[MATERIAL SUPPLIED — start]
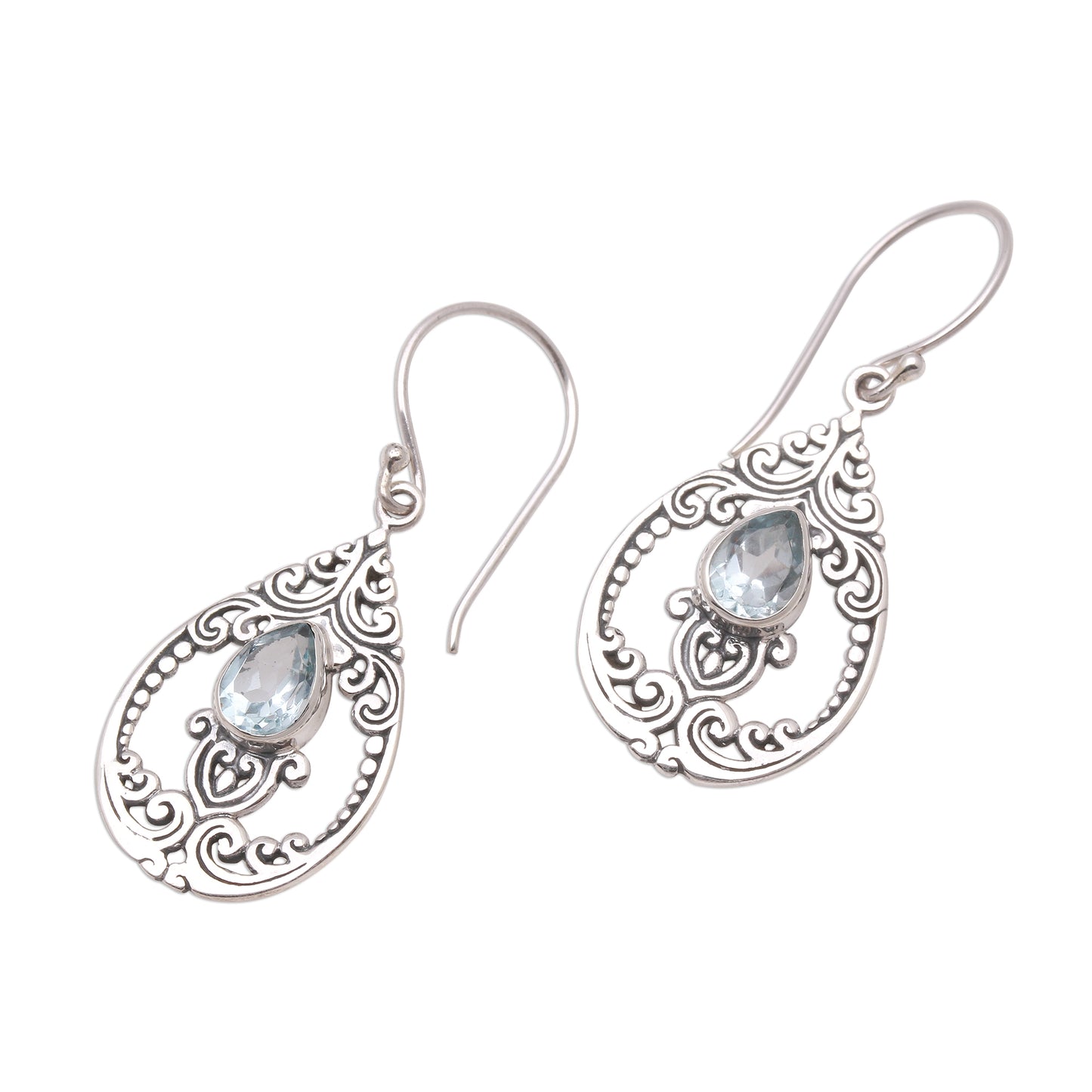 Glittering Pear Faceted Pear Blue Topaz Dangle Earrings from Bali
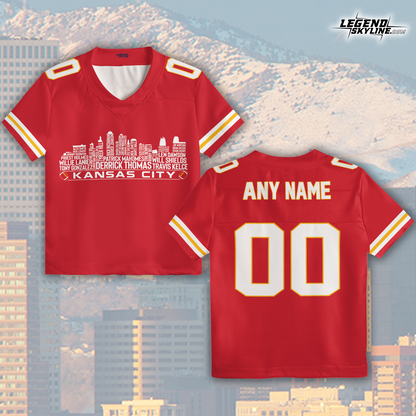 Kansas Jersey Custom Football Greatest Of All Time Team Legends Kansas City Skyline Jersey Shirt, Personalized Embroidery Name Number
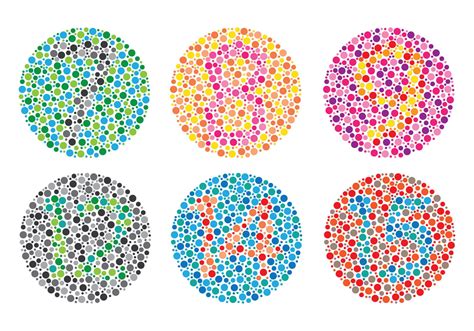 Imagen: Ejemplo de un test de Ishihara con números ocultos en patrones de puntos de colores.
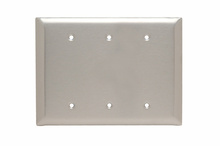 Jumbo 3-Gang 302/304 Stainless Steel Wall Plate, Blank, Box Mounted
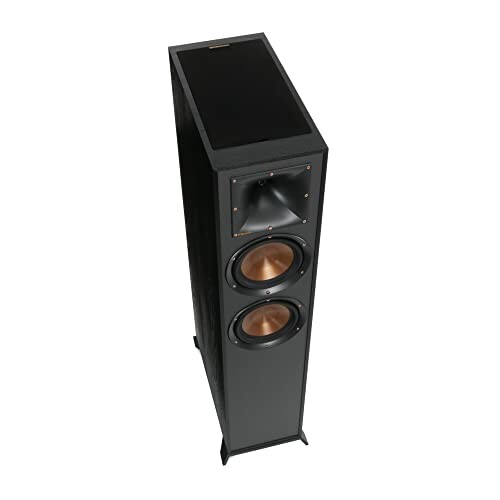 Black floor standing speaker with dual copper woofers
[MATERIAL SUPPLIED — finish]
### [WHAT YOU WILL DO]
From the first line to the last, reproduce the records above exactly and skip the pictures.

### [WRITTEN RESPONSE]
 Glittering Pear Faceted Pear Blue Topaz Dangle Earrings from Bali
 Kansas Jersey Custom Football Greatest Of All Time Team Legends Kansas City Skyline Jersey Shirt, Personalized Embroidery Name Number
 Imagen: Ejemplo de un test de Ishihara con números ocultos en patrones de puntos de colores.
 Jumbo 3-Gang 302/304 Stainless Steel Wall Plate, Blank, Box Mounted
 Black floor standing speaker with dual copper woofers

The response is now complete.